Limestone is exposed on the banks and in the bed of the Santa Fe River, at times causing these outcroppings to create their own microhabitats of ferns and other unusual plants. Because of the limestone’s unique texture and fossil assemblage, geologists know this carbonate rock belongs to a formation called the Ocala Limestone. The rocks began to form approximately 40 million years ago during the late Eocene Epoch, when carbonate rich sediments were deposited in a shallow marine environment. Upon close inspection of the limestone, park visitors may be able to see evidence of fossil mollusks, echinoids (sea biscuits) and bryozoans (filter feeders that look like small coral).
The prolific stone tool production and maintenance that occurred in this area is directly tied to the region’s karst topography, particularly its limestone outcrops. O’Leno and River Rise contain four recorded quarry sites between them, utilized by prehistoric people as a source of chert for making arrowheads and other tools.
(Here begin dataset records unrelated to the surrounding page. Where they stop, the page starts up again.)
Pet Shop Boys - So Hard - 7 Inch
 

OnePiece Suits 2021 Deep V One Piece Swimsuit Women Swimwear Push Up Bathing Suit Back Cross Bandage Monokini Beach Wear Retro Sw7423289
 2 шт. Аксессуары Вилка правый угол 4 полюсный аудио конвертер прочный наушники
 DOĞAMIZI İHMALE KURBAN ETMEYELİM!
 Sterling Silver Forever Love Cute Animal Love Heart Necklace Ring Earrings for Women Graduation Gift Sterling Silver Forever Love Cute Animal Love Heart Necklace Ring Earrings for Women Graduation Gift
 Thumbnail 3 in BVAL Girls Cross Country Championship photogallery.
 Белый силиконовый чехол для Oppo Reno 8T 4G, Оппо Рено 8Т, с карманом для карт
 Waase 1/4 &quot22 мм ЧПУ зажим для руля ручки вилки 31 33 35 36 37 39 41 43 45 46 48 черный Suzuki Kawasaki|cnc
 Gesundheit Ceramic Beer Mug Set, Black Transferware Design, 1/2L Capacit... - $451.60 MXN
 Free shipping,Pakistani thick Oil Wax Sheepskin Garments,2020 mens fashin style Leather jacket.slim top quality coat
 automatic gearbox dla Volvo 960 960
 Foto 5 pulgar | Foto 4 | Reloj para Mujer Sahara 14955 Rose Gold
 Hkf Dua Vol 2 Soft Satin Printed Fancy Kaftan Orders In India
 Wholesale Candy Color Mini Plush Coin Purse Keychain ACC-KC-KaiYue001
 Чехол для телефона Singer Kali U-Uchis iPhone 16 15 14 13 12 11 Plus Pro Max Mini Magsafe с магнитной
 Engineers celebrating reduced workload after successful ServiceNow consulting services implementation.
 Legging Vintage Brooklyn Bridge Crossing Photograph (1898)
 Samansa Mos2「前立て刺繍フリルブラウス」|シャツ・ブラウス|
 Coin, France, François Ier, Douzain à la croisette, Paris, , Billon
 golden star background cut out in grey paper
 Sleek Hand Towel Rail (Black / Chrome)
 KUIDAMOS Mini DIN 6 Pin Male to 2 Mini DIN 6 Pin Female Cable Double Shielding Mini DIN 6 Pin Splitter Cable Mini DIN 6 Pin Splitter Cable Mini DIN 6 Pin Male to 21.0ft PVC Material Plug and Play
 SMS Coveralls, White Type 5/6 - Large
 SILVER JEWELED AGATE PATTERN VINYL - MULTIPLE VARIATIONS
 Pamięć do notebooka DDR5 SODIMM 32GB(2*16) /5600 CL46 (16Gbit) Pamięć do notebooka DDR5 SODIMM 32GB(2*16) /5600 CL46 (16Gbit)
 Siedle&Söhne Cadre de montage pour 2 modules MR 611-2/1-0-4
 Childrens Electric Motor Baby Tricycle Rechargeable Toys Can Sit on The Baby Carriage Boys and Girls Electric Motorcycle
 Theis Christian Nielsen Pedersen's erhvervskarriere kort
The Monroe Quarry (AL1016), now submerged by the Santa Fe River due to the higher water table, is still littered with the remains of this tool-making process, and possesses undisturbed deposits that still contain the raw organic material. This site is noteworthy because it demonstrates the importance of local geologic resources to early Florida peoples’ subsistence, and gives us more clues as to how they lived.
Whether you are interested in Florida’s unique geology, it’s fascinating early history or you just want to see a vanishing river, then you should check out River Rise Preserve State Park. It will accomplish all of these things and more, and take you on a journey through geologic history.